您的无操作data.reshape行和{tuple(item) for item in data[0]}说明了为什么它似乎只是在图片的第一行处理。

我猜selection_data是类似的3项元组，例如：

In [801]: selection_data = {tuple(data[1,3,:]), (1,2,3), tuple(data[5,5,:])}
In [802]: selection_data
Out[802]: {(1, 2, 3), (49, 132, 26), (76, 131, 16)}
In [803]: selection_data&aset
Out[803]: {(49, 132, 26), (76, 131, 16)}

你没有说你尝试使用tolist的位置，但我猜测生成一组元组。

但奇怪的是，tolist加快了转化速度：

In [808]: timeit {tuple(item) for item in data.reshape(-1,3).tolist()}
10000 loops, best of 3: 57.7 µs per loop
In [809]: timeit {tuple(item) for item in data.reshape(-1,3)}
1000 loops, best of 3: 239 µs per loop
In [815]: timeit data.reshape(-1,3).tolist()
100000 loops, best of 3: 19.8 µs per loop
In [817]: timeit {tuple(item.tolist()) for item in data.reshape(-1,3)}
10000 loops, best of 3: 100 µs per loop

因此，为了进行这种列表和设置操作，我们不妨立即跳转到列表格式。

numpy有一些设置函数，例如np.in1d。这只是在1d阵列上的操作，但正如在一些unique row问题中已经证明的那样，我们可以通过将2d阵列视为结构化数组来解决这个问题。
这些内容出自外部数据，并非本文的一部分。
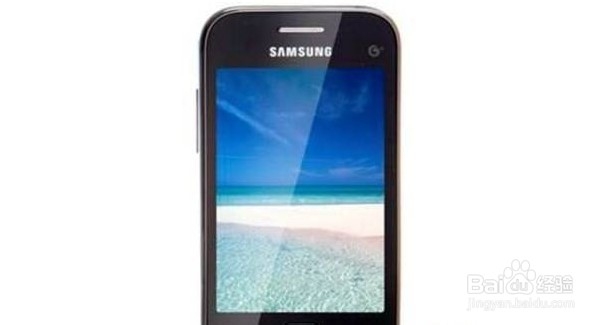 2015年国庆节送爸妈什么老人手机合适？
我不得不摆弄这个目标：

In [880]: dt=np.dtype('uint8,uint8,uint8')
In [881]: data1=data.reshape(-1,3).view(dt).ravel()
In [882]: data1
Out[882]: 
array([(41, 145, 254), (138, 144, 7), (192, 241, 203), (42, 177, 215),
       (78, 132, 87), (221, 176, 87), (107, 171, 147), (231, 13, 53),
       ... 
      dtype=[('f0', 'u1'), ('f1', 'u1'), ('f2', 'u1')])

构造具有相同结构化数组性质的选择：

In [883]: selection=[data[1,3,:],[1,2,3],data[5,5,:]]
In [885]: selection=np.array(selection,np.uint8).view(dt)
In [886]: selection
Out[886]: 
array([[(49, 132, 26)],
       [(1, 2, 3)],
       [(76, 131, 16)]], 
      dtype=[('f0', 'u1'), ('f1', 'u1'), ('f2', 'u1')])

因此，selection中data1中的项目也是：

In [888]: np.in1d(selection,data1)
Out[888]: array([ True, False,  True], dtype=bool)

以及data1中正在选择的项目是：

In [890]: np.where(np.in1d(data1,selection))
Out[890]: (array([11, 45], dtype=int32),)

或解开的形状

In [891]: np.where(np.in1d(data1,selection).reshape(8,8))
Out[891]: (array([1, 5], dtype=int32), array([3, 5], dtype=int32))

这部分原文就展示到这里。